When the line containing "A11 Mağazası Özelleştirilmiş" is found in the data below, copy it and each line after it through the line containing "Villa Nova Dental Clinic", exactly and with no others.

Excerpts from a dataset
= = = = =

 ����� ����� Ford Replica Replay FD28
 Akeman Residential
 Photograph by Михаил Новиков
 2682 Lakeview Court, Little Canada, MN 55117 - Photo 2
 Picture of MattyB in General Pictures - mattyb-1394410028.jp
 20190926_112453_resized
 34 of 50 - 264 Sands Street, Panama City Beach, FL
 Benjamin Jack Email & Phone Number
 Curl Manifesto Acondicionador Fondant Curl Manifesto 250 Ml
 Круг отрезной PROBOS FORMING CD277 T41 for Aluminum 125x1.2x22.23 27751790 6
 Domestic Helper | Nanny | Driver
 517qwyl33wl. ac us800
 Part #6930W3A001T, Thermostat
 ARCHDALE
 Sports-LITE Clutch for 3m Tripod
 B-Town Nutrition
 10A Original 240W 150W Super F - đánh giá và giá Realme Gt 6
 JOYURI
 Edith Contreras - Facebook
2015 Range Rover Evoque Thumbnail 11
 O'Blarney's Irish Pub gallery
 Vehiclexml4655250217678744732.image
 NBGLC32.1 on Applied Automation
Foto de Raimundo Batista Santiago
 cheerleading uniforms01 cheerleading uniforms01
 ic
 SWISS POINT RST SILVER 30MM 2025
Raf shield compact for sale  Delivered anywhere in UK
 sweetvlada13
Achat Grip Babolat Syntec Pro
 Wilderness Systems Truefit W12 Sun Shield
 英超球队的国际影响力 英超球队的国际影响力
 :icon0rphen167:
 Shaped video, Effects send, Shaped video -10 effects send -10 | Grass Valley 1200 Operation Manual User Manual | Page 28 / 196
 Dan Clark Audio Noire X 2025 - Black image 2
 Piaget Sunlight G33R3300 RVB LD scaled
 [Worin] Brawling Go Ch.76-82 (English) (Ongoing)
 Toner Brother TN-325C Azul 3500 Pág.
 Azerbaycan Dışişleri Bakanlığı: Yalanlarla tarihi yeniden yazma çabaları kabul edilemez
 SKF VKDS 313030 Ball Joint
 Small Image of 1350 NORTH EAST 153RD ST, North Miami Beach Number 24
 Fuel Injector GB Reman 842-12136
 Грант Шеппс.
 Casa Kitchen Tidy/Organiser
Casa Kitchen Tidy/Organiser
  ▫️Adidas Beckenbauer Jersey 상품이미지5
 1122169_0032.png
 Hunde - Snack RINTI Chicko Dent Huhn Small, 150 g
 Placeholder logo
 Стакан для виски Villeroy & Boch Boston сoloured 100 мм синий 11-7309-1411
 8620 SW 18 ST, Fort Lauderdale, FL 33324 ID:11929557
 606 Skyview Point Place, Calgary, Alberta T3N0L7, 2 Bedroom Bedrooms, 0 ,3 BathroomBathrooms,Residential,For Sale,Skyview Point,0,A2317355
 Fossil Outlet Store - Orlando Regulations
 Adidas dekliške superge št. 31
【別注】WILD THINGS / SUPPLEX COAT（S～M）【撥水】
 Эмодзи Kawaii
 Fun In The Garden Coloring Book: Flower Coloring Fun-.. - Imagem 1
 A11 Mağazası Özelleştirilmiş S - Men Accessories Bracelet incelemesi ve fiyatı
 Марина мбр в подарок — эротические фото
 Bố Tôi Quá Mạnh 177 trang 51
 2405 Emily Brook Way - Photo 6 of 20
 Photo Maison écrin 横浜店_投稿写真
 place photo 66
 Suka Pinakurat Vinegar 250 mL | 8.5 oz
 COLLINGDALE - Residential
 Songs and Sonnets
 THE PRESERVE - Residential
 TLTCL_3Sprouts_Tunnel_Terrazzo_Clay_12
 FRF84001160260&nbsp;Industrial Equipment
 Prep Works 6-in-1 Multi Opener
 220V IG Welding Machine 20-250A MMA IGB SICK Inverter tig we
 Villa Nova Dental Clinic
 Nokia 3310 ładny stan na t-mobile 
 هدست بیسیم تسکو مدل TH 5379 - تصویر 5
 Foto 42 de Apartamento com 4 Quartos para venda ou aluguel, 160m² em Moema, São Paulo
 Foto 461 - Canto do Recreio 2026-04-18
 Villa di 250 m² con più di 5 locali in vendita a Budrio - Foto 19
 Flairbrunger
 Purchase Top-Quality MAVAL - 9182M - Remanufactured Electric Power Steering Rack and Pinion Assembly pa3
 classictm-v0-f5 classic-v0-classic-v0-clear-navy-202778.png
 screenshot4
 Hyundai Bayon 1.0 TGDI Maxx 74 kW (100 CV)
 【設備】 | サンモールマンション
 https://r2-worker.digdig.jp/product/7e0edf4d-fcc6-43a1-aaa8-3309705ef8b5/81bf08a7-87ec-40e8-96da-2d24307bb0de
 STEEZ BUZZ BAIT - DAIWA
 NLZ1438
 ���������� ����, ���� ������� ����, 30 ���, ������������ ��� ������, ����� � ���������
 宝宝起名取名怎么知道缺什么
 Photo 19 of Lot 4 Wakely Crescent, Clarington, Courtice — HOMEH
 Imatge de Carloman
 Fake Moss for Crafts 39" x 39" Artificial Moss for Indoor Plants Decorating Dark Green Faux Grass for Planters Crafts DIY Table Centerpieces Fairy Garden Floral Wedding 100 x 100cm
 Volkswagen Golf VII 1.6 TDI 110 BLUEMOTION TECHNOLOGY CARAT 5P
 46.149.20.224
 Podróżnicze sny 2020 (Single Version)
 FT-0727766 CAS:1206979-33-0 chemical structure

= = = = =

[TASK RESULT]:
 A11 Mağazası Özelleştirilmiş S - Men Accessories Bracelet incelemesi ve fiyatı
 Марина мбр в подарок — эротические фото
 Bố Tôi Quá Mạnh 177 trang 51
 2405 Emily Brook Way - Photo 6 of 20
 Photo Maison écrin 横浜店_投稿写真
 place photo 66
 Suka Pinakurat Vinegar 250 mL | 8.5 oz
 COLLINGDALE - Residential
 Songs and Sonnets
 THE PRESERVE - Residential
 TLTCL_3Sprouts_Tunnel_Terrazzo_Clay_12
 FRF84001160260&nbsp;Industrial Equipment
 Prep Works 6-in-1 Multi Opener
 220V IG Welding Machine 20-250A MMA IGB SICK Inverter tig we
 Villa Nova Dental Clinic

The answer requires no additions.